As a high school student, I remember watching a news story with my father about a horrific murder. I was so aghast, that I blurted out, “How terrible. That’s so inhumane.”
Without hesitation, my father responded, “Son, murder is not inhumane. Inhumane means not human. But humans did that.” He caught me off guard. But he got me thinking.
Of course, his point was not to question the wickedness of murder. Rather, it was to challenge the common assumption that murderers are fundamentally different than the rest of us. It was to challenge the assumption of our language that doing evil is not what humans do. But is this correct?
Think about it:
- Murderers are human.
- You and I are human.
- Therefore, you and I share a common humanity with murderers.

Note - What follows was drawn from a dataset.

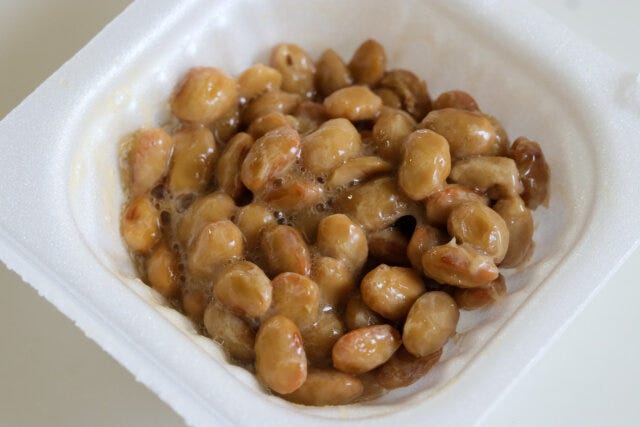 納豆に付属のたれ、削り節を加えて混ぜる。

This is an uncomfortable truth. It not easy to recognize that we share the same inherent capacity for evil as those who shed innocent blood. It’s much more comfortable to think of murderers as “inhumane,” that is, people fundamentally different than us. It makes us feel better. It makes us feel morally superior. It gets us off the hook.
The Reality of Evil
But is this right? My friend and Biola Apologetics colleague, Dr. Clay Jones, has written a compelling article in which he makes the case that to do evil is to be human. For the record, Dr. Jones has probably studied the problem of evil as much as anyone alive today. Here is how he begins his article:
I first began to study human evil so that no one could disqualify me for having glossed over the immense sufferings that people perpetrate on each other. I didn’t want anyone to say that I had gotten God out of the problem of evil the easy way: by making evil seem less serious than it really is. But as I read about one sickening rape or torture or murder after another, something strange happened: I was struck that evil is human. I realized that heinous evils weren’t the doings of a few deranged individuals or even of hundreds or of thousands but were done by humankind en mass. I studied continent after continent, country after country, torture after torture, murder after murder and was staggered to discover that I hadn’t taken Scripture seriously enough: humankind is desperately wicked.

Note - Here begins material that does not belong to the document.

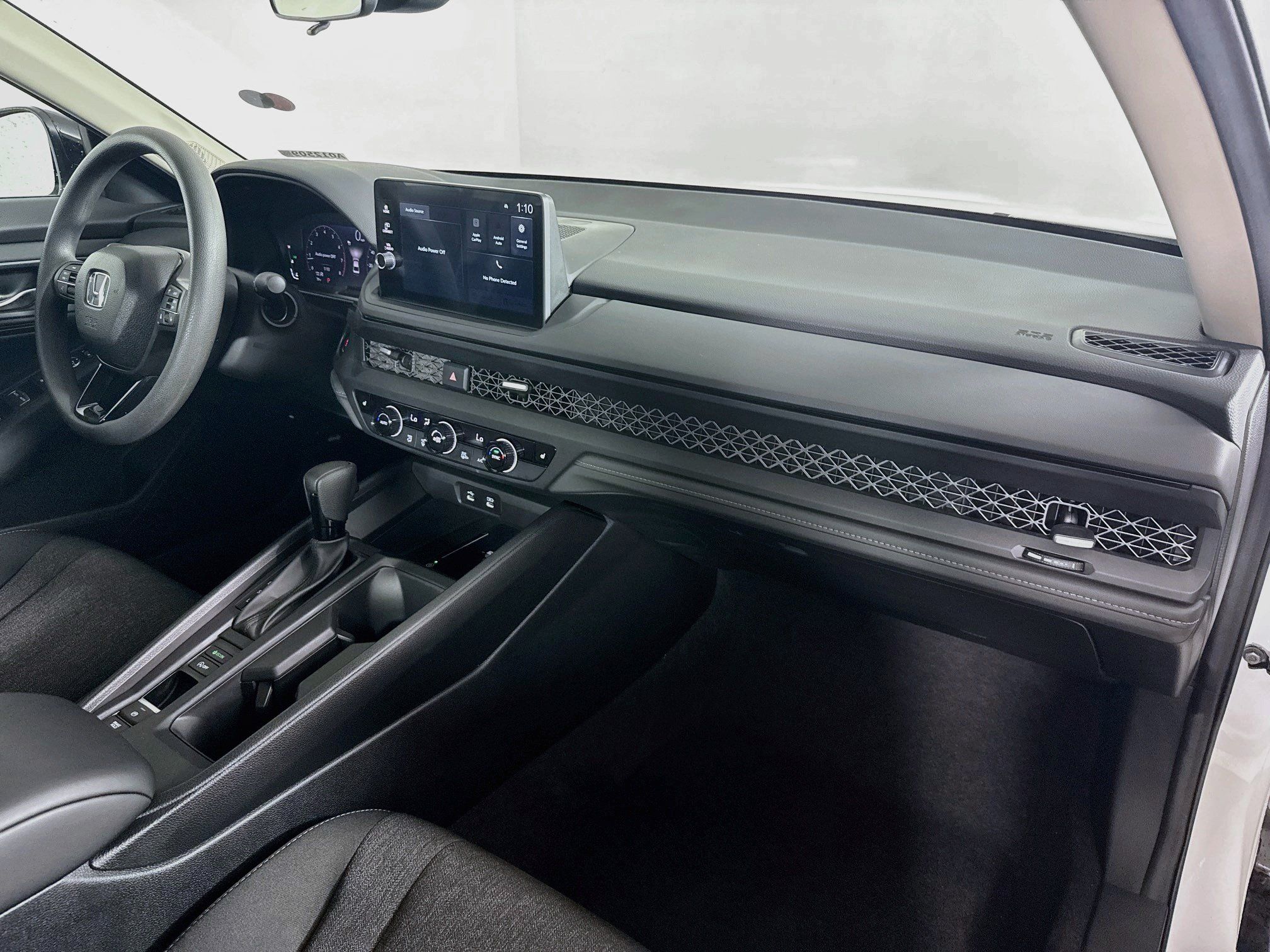 Certified 2026 Honda Accord SE image 36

To make his case, Jones walks through various 20th century atrocities in the Soviet Union, Nazi Germany, communist China, the Rape of Nanking (Japan), and a couple dozen more (and for the record, he doesn't let the U.S. off the hook).
He then concludes:
Human cruelty is imaginable. By that I mean that if a human set on hurting someone else can imagine a horrific torture and has the opportunity to do it, he or she will do it. I could go on and on and on with one sickening story after another and, sadly, none of this is inhuman. Also, in most of the horrors mentioned above the world knew what was going on and did nothing to stop them (p. 7).
Murder Is Not Inhumane
I realize that I haven't fully made my case here. Check out his article. Yet if he’s right, then the Holocaust was not inhumane. It was perpetrated–or at least supported–by masses of human beings. The same is true for all genocides in the 20th century. It is true for slavery. And it is true for ongoing brutalities today.
Jesus certainly thought the human heart was corrupt and that humans are capable of great evil. He taught that wickedness came from inside: “For from within, out of the heart of man, come evil thoughts, sexual immorality, theft, murder, adultery, coveting, wickedness, deceit, sensuality, envy, slander, pride, foolishness. All these evil things come from within, and they defile a person” (Mark 7:21-23).
And so did the apostle Paul. In his letter to the Romans, Paul proclaims that both Jews and Gentiles are under sin. According to Paul, no one is righteous–no one seeks God. Humans lie, curse, shed blood, and live without fear of God (Rom. 3:10-18).
The point is not that all humans commit murder. Many do, but many don’t. And it is not to ignore that we are made in God's image and also capable of great good. The point is that we humans have the inherent capacity to do far greater evil than we can imagine. This ought to humble us and motivate us to figure out why humanity is so broken and how to fix it.
The next time someone refers to an evil act as inhumane, consider asking a simple question, “What do you mean by inhumane? And why do you think we use a term which technically means not human to refer to behavior that seems to characterize human nature en masse?”